An Evil Streak Read online




  An Evil Streak

  Table of Contents

  Cover

  Title Page

  Book 1

  Book 2

  Book 3

  Book 4

  Book 5

  Copyright

  An Evil Streak

  Andrea Newman

  Book 1

  ‘I sing their pain as best I can’

  One

  That she had intended to die tidily in the bathroom was clear enough from the amount of blood in the bath, but, being completely unscientific, she had no idea how long the process would take, and at some point, through either boredom or panic, she had endeavoured to reach the sitting-room, leaving a trail of blood to mark her slow progress along the corridor. When I found her she was sprawled across my newly upholstered brocade sofa, her leaking wrists still marginally out of reach of the phone.

  Two

  But if you prefer to begin at the very beginning, I have no objection. When Beatrice asked me to be Gemma’s godfather, I remember I made one of my feebler jokes (to cover my surprise and embarrassment, I think). I remarked in my flippant way that this would be the closest link God and I were ever likely to enjoy. Beatrice of course did not laugh, nor even favour me with a smile. She was shocked. She was always the kind of woman who shocked easily (a constant temptation to me) and more so, I suppose, since the death of her husband. To have a funeral and a christening within so short a space of time not unnaturally fixed her mind upon higher things. Eternity was, if not in her lips and eyes, certainly in the forefront of her thoughts, leaving no room for irreverence.

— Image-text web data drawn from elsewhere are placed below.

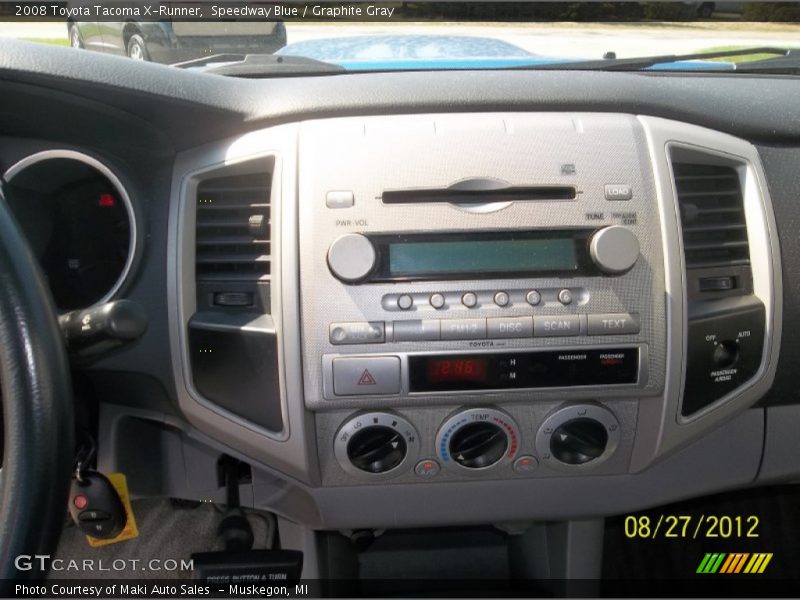 Speedway Blue / Graphite Gray 2008 Toyota Tacoma X-Runner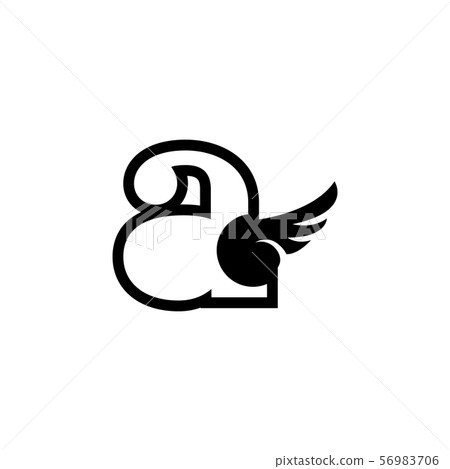 Initial a graphic design template vector isolated Initial a graphic design template vector isolated 56983706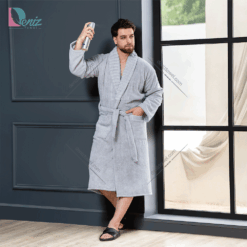 حوله تن پوش ویتو رنگ نقرابی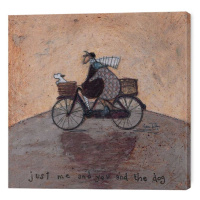 Obraz na plátně Sam Toft - Just Me and You and The Dog, 2 - 40×40 cm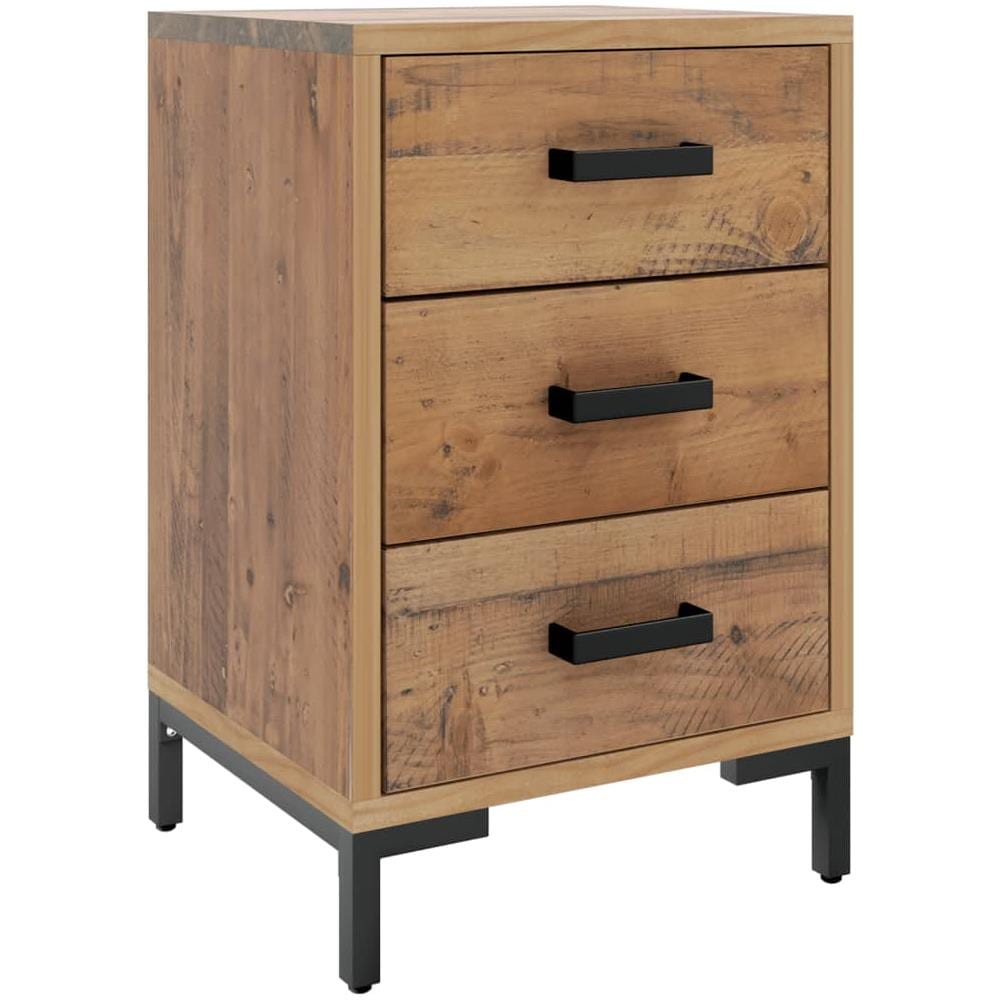 Comodini 2 Pz 36x30x54 Cm In Legno Massello Di Pino - Foto 3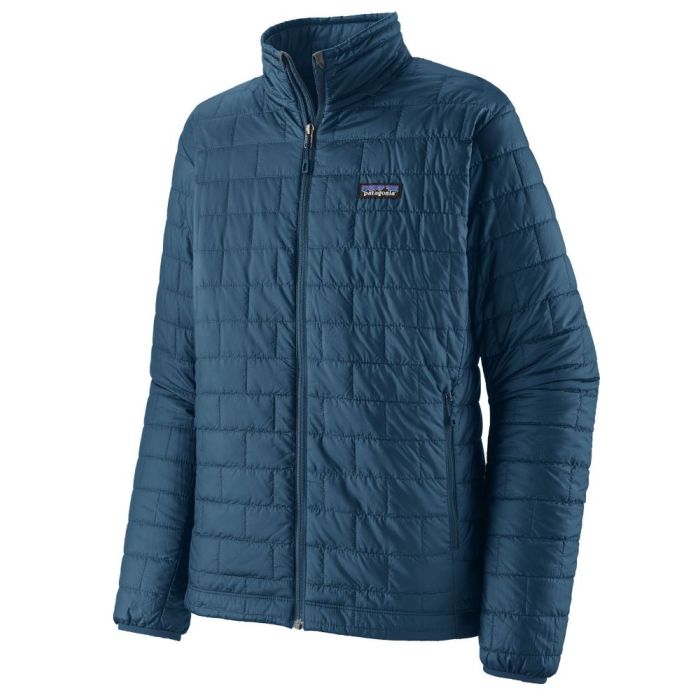 Patagonia M S Nano Puff Jakke Lagom Blue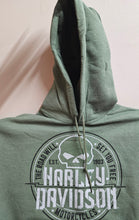 Load image into Gallery viewer, Men's Risk Pullover Military Green Hoodie (Moose & Elk)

  Holding the squalling infant wrapped in the family shawl, I pondered the words of the service, the life of rectitude to which the child was being condemned by proxy. I was responsible. Surely the works and pomps of Satan, whatever they were, would be more fun? The cries faded as the discomforts of virtue eased, and the red-faced, wrinkled creature looked at me with my dead brother’s eyes.

  Gemma was a posthumous child and even I, self-cast cynic that I am, could see the pathos in that. My brother Hugh was on his way home in 1945, having served his country with hardly a scratch, as they say, making us all believe that his was indeed a charmed life, when he carelessly stepped on a mine and blew himself up, together with several of the men serving under him. It was a messy accident that need never have occurred, and it took me some months to recompose his features in my mind – to stop picturing fragments of Hugh scattered all over the oft-quoted foreign field.

  People tend to think, because I am flippant and cynical, that I have no feelings. That is untrue. I cared deeply for Hugh. I felt for him the kind of obsessive love that only jealousy can inspire, for he excelled in everything – looks, charm, sport, study and luck – and I was proud of my defeat. As he was younger than I, my progress through school and college preceded his, and my notable mediocrity provided him with, as it were, a plain carpet on which to perform and dazzle. I would even go so far as to say that his death was a greater loss to me than to his wife. But, as I am often reminded, I know nothing of marriage.

  Beatrice’s grief was genuine enough: they had not been married for sufficiently long to become either quarrelsome or bored. I simply did not regard her as a creature of much depth. No doubt she felt as much as she could and it was not her fault that her capacity for feeling was so limited. She was intensely practical, not given to flights of fancy, displays of emotion or any kind of introspective excess.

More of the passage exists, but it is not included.